YOSHIHARADESIGN_SS2012ADesperation is rarely a good place from which to make a sound business decision. And yet…

Video, video and more video.

It’s the current rallying cry of the modern marketer, with dollars being poured into digital video channels at a breakneck page.

And, according to the stats, it’s a sucker’s bet.

“Magazine advertising easily produces the highest return per dollar of ad spend and digital video the least, a comprehensive US study of consumer packaged goods (CPG) advertising has found,” writes Arvind Hickman in AdNews.

“Every dollar spent on magazine advertising produced a return of $3.94 in sales. Display yielded the next best return with $2.63, followed by cross-media campaigns ($2.62), linear TV ($2.55) and mobile ($2.45),” Hickman continues.
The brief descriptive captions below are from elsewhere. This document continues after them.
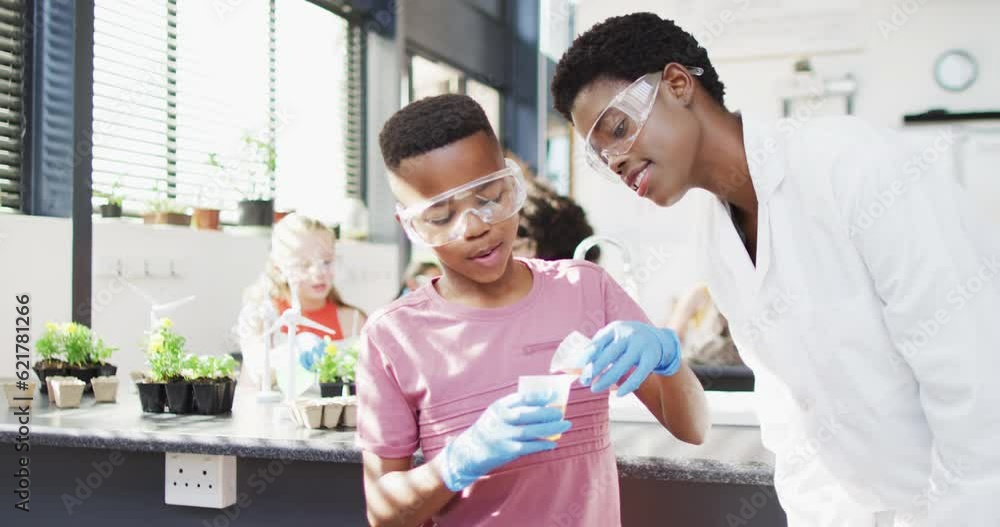 Diverse female teacher and happy schoolchildren having science class in school lab Diverse female teacher and happy schoolchildren having science class in school lab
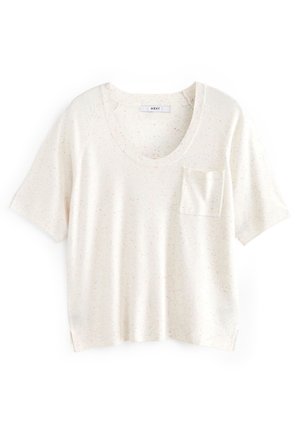 Woman wearing a cream short-sleeve top, beige mini skirt, and white ankle boots standing on wooden floor against pale green wall.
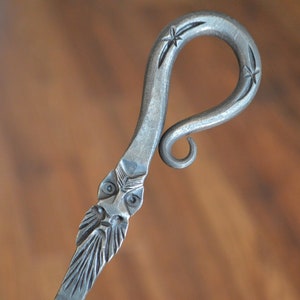 May include: A silver metal fireplace poker with a decorative handle shaped like a face with a beard and a star design.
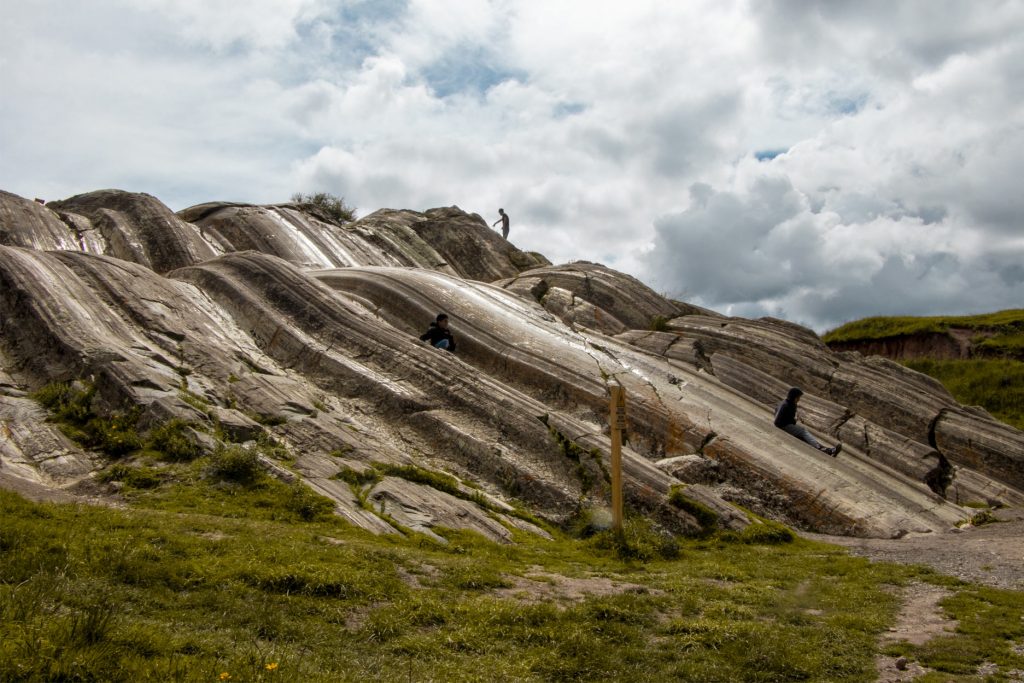 Personas en el Rodadero (Suchuna) en el sitio arqueológico de Sacsayhuamán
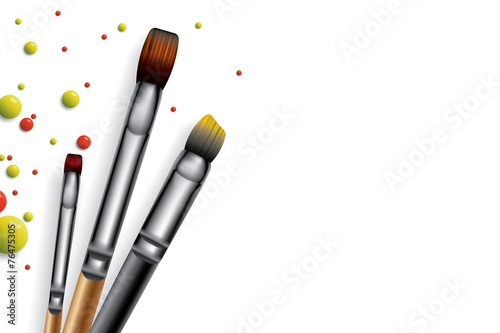 Drops of paint and brushes, place for text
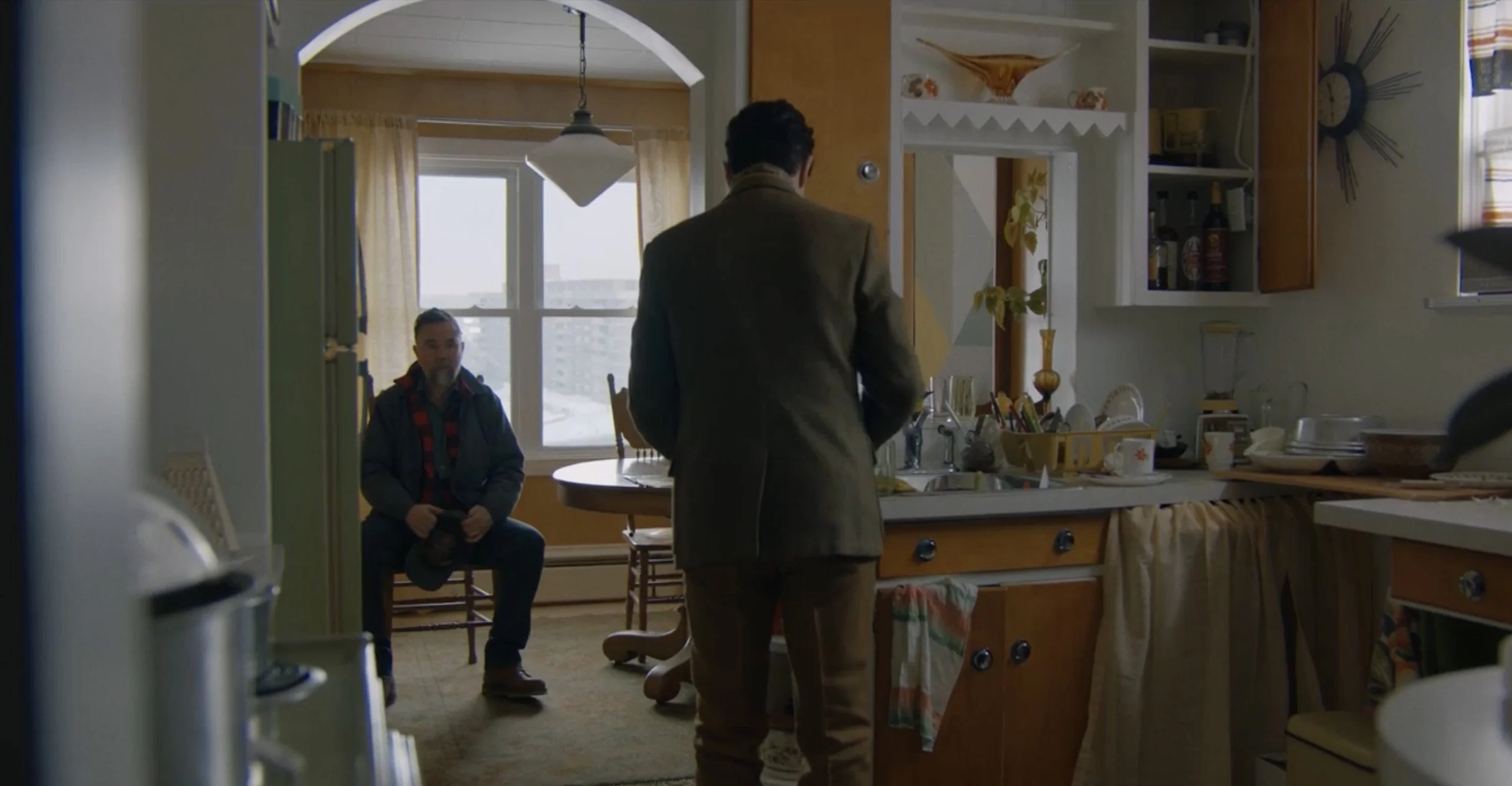 Two men inside a kitchen, one standing with back to the camera and the other sitting on a chair. The kitchen has wooden cabinets, open shelves, and a window with yellow curtains, with various kitchen appliances and items on the counters.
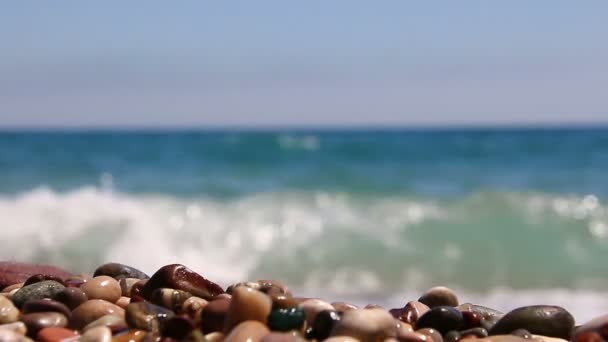 A hullámok a tenger, a gyönyörű kavicsos strand a háttérben. — Stock videók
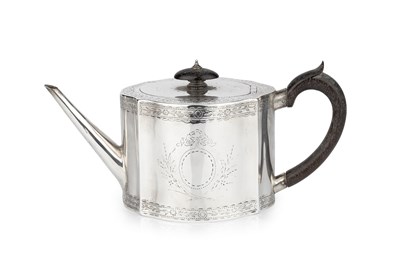 Lot 799 - A George III silver teapot, of shaped oval...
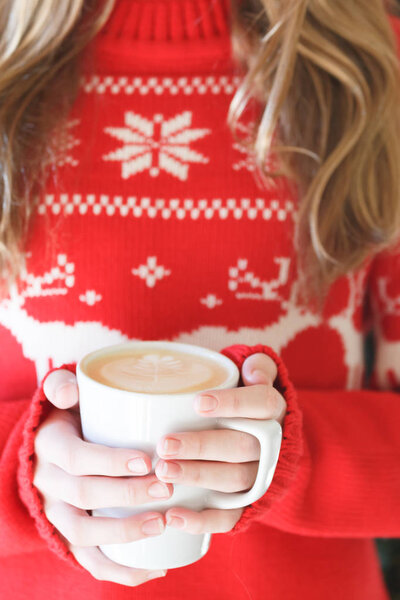 Girl holding a cappuccino cup. Concept of Christmas holiday. Holiday background. Warm tone. Vertical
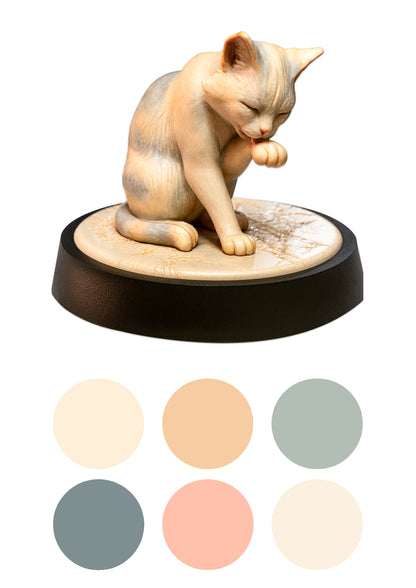 a cat licking its paw on a black base with colour swatches beneath it on a white background.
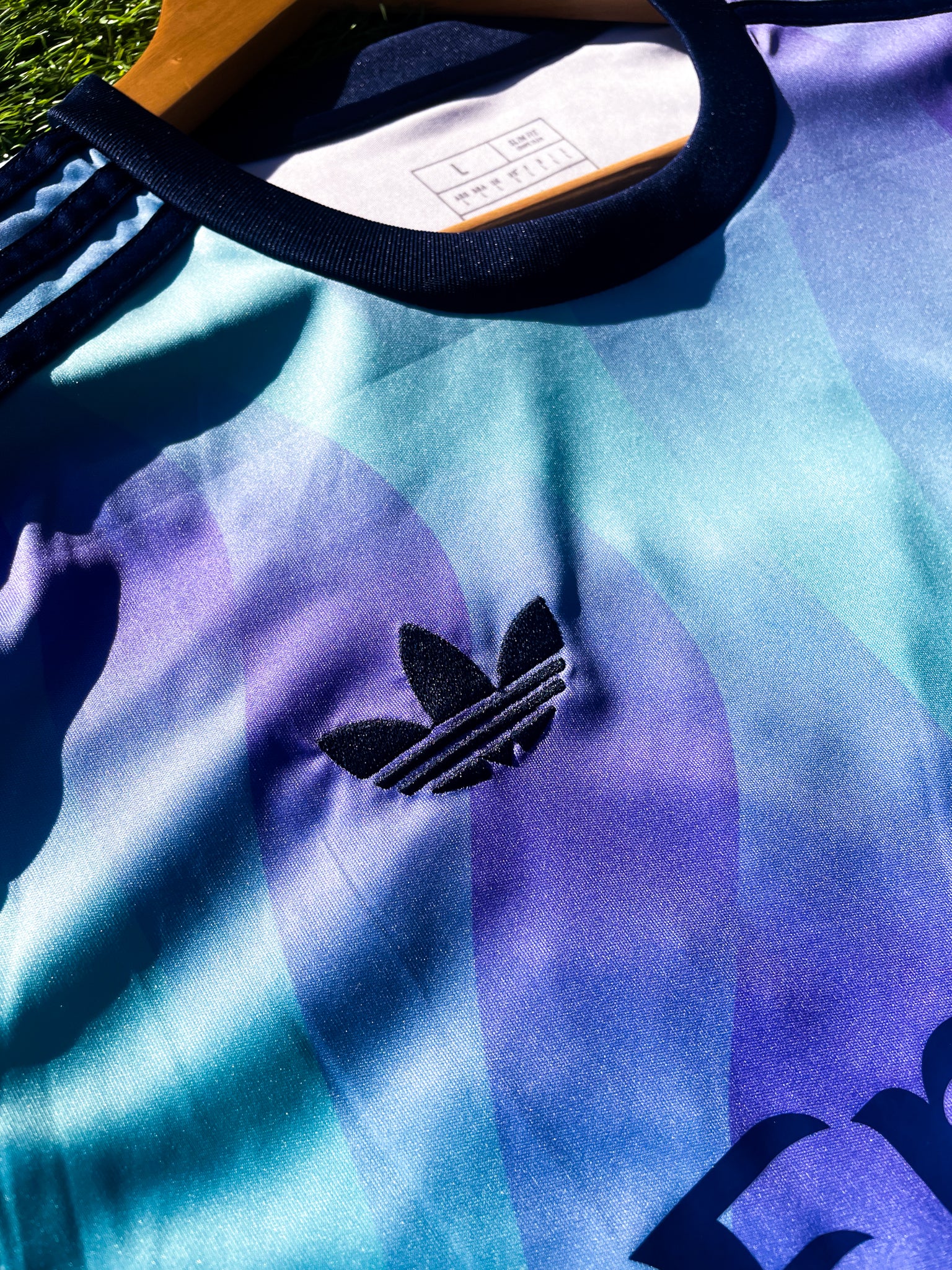 Close-up of Arsenal crest on the bold third kit design

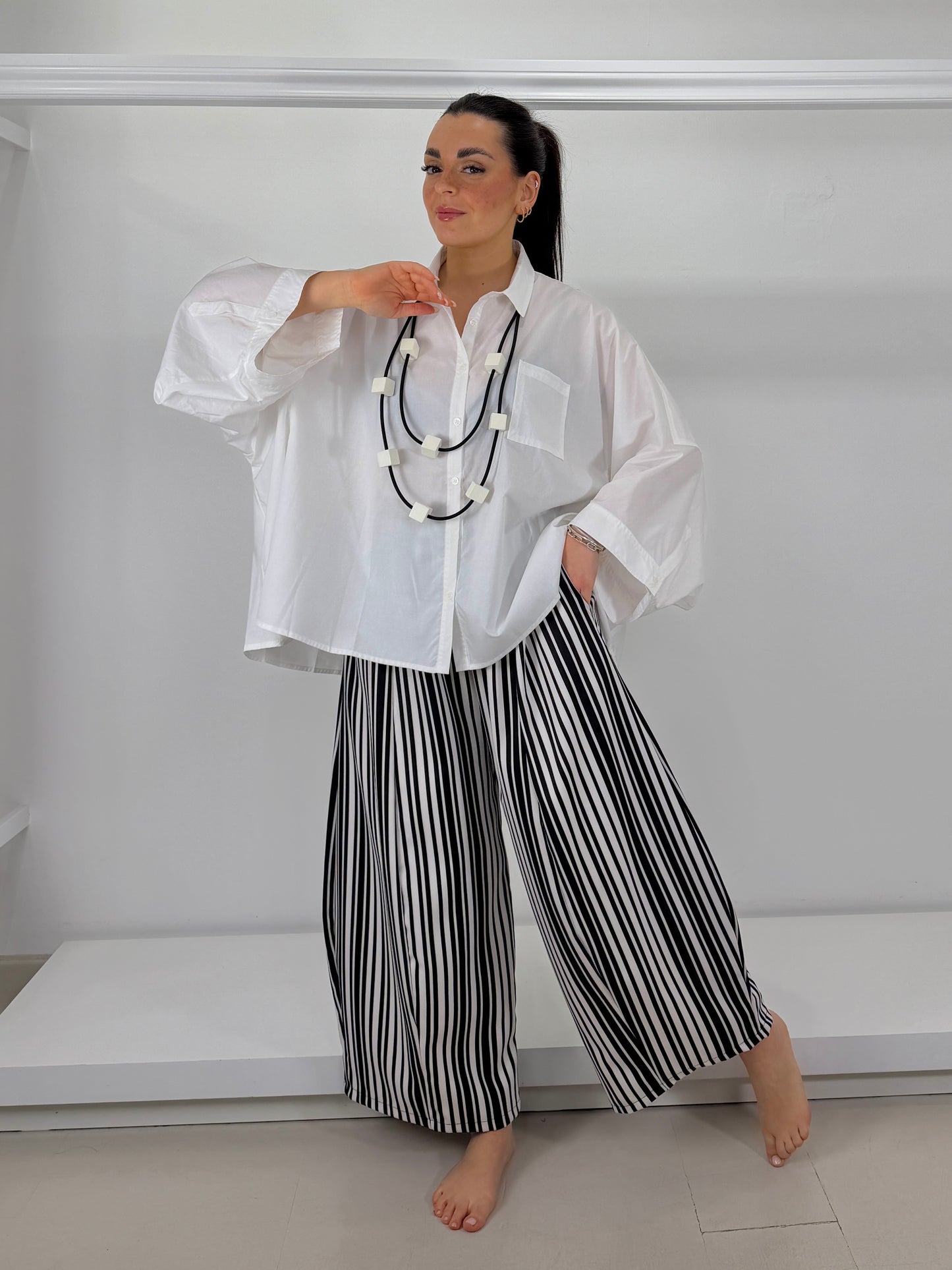 Camicia motivo manica e piegone dietro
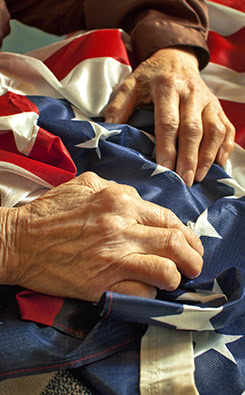 Elderly hands resting on a folded American flag, symbolizing veteran appreciation and legal support for seniors.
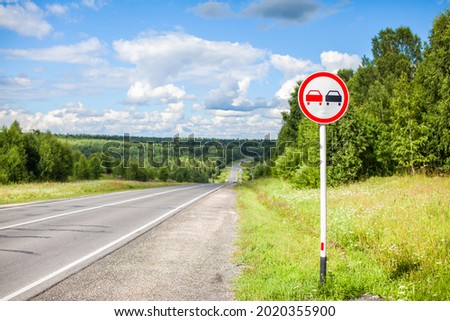A road sign Overtaking is prohibited on a suburban highway through the forest on a sunny summer day.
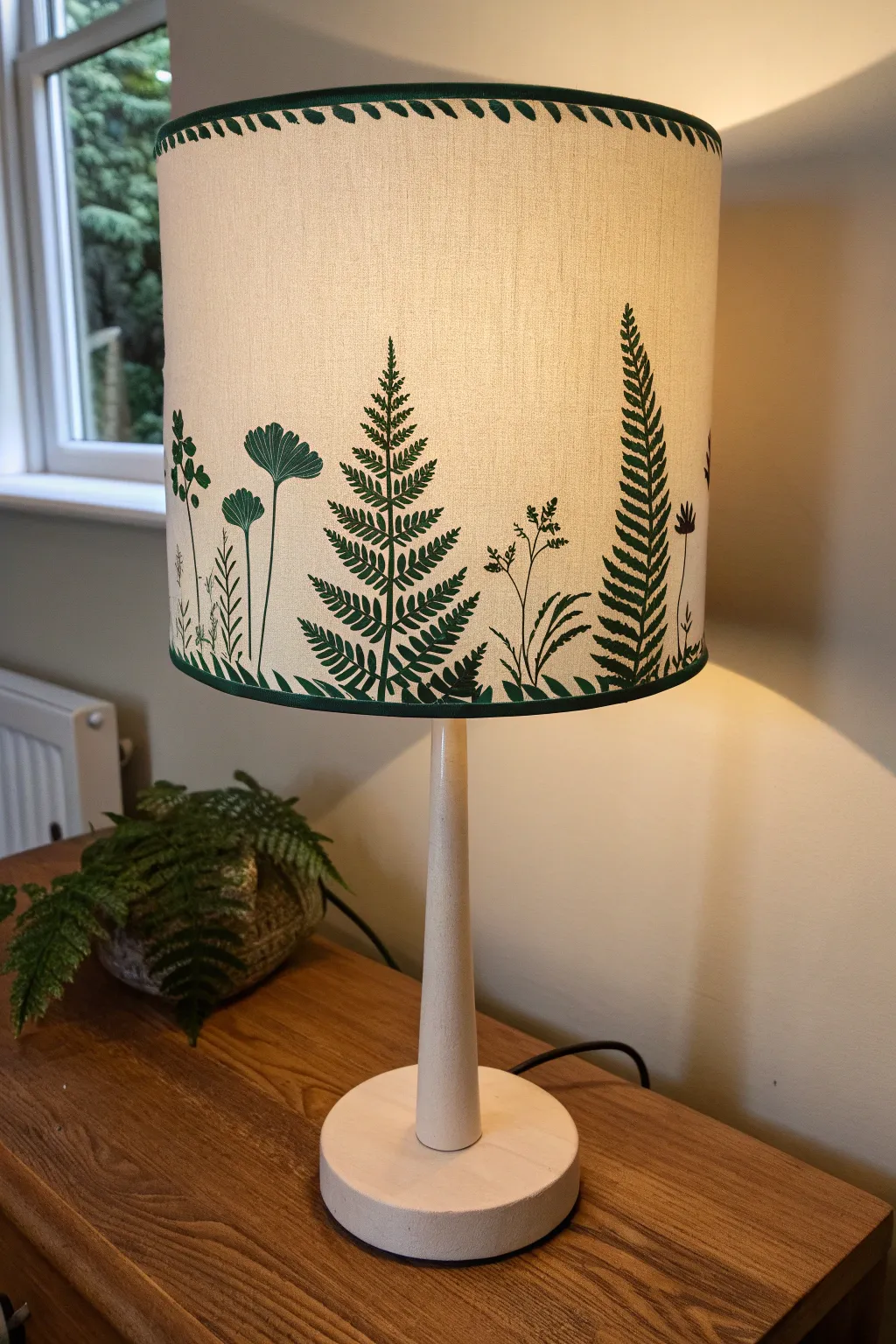 DIY lampshade with a crisp leafy silhouette border, glowing warm against clean minimalist decor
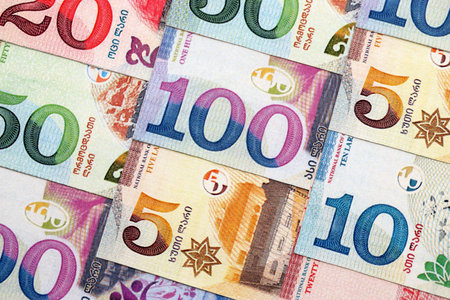 Georgian Lari currency money bills. GEL currency banknotes in pile with different denomination close...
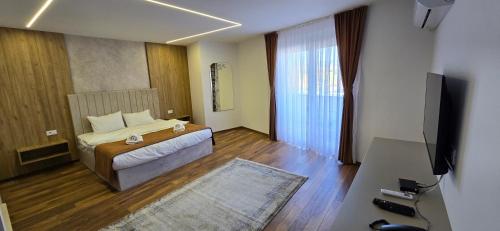 Postel nebo postele na pokoji v ubytování Hotel Pojata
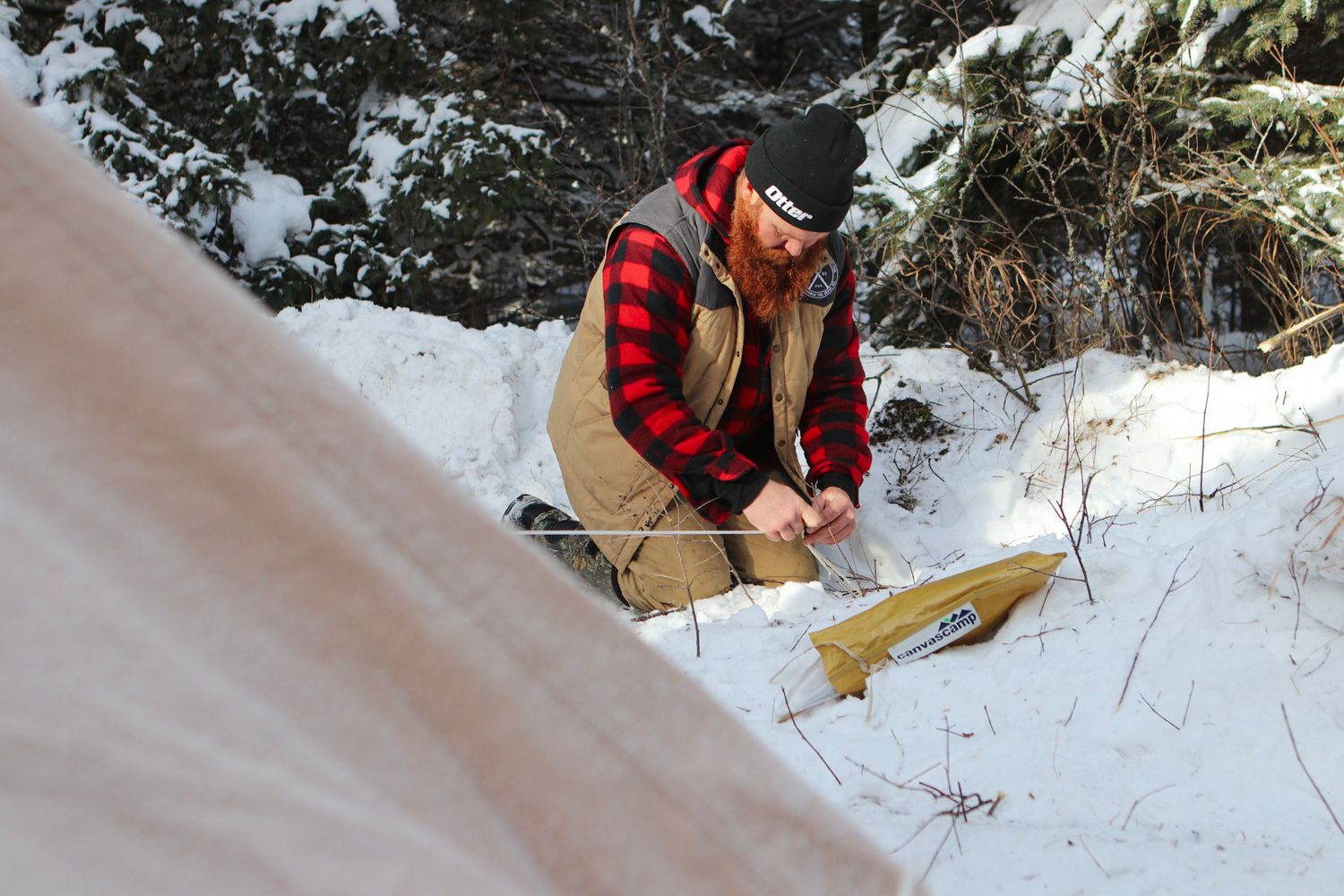 Setting up winter camping gear in snowy forest while wearing red plaid jacket.
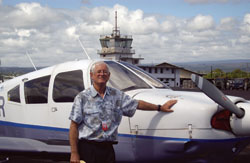 Owens is shown with his Piper Arrow plane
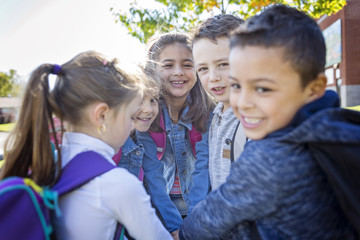 students outside school standing together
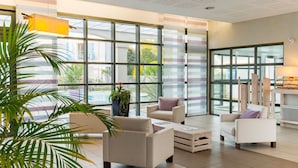 A spacious lobby with large windows, a pool view, and modern furniture.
The worst performing category was digital video with a return of $1.53, while newspapers, out of home and other ad categories were not included in the report,” he continues.

That’s some sobering news.

It also adds credibility to the voices that predict the video bubble is poised to burst. Not only is there a lot of malarkey behind video viewership numbers, the ineffectiveness of video ads has been talked about for years now.

Facebook et. al. is pushing video hard, so marketers are following suit, blindly it would seem. Marketers who see the bigger picture – i.e. the fact that Facebook is looking to become the defacto platform publisher – realize that blindly doing what Team Z advises isn’t always the right choice. In fact, it’s been called the path to suckerdom.

Meanwhile, Hickman notes that the current CPG study does “row against current media spending habits,” to put it mildly.

“Magazine advertising is predicted to be one of the fastest shrinking categories this year, with ad spend in Australia to decline by 17.1% to $319 million as publishers increasingly transition to online and mobile apps, according to a ZenithOptimedia report,” he writes. “Conversely, online video is predicted to be one of the fastest growing categories, with marketers desperate to pour more money into the category.”

Desperation is rarely a good place from which to make a sound business decision. Let’s hope the stone cold truths about magazine ads start to speak for themselves.